Mar. 29—The New Hampshire Supreme Court on Wednesday rejected a request by Pamela Smart that the court require the governor and Executive Council to reconsider her request for a hearing that might shorten her life sentence and result in release on parole.

Smart, 55, was convicted of conspiracy to commit murder in the death of her husband, Gregg Smart, at a 1991 trial in Rockingham County Superior Court. Since then, the former media coordinator at Winnacunnet High School has been in prison in New York state.

In the court's ruling Wednesday, justices said they have no legal jurisdiction to compel the state's executive branch to grant Smart's petition for a commutation hearing or any say in how that hearing must be conducted.

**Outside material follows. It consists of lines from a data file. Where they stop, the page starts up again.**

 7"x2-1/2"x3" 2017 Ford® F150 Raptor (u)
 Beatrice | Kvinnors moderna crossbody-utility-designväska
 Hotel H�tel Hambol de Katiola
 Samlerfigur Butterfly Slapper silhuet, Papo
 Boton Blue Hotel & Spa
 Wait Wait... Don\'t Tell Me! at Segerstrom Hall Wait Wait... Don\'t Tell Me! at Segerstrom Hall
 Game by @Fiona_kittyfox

"We conclude that the petitioner seeks a ruling on a political, nonjusticiable question," the court wrote in its opinion.

Smart's attorney argued before the state Supreme Court that the governor and council's minutes-long discussion before they turned down Smart's request last year did not constitute a fair assessment of whether a hearing should be granted.

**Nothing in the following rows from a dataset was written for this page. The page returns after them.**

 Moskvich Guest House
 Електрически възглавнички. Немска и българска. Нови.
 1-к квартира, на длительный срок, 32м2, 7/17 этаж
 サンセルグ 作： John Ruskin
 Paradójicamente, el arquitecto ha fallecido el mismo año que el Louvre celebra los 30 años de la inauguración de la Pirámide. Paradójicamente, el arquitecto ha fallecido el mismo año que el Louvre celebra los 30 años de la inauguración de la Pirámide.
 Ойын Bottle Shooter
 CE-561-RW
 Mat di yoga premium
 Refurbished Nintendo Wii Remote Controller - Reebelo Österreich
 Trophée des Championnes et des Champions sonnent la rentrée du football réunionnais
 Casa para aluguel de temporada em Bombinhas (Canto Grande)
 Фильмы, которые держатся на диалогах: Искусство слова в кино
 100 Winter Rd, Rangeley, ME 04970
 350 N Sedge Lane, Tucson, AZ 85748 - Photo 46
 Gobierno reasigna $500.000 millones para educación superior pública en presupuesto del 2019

Mark Sisti urged the court to order the Executive Council to hold "a meaningful due process hearing that we even get at the Department of Motor Vehicles."

Smart and Sisti contend that she is ready to re-enter society. Sisti, who has been Smart's lawyer since her original trial 32 years ago, has submitted extensive testimony in support of her rehabilitation and abbreviating her sentence. He has vowed to continue his appeal.

"It has to do with the liberty of a citizen of the state of New Hampshire who's in exile in the state of New York now for the rest of her life," he said. Sisti said he has submitted "thousands of pages" of testimony, correspondence, and certificates of a master's and a doctorate degree.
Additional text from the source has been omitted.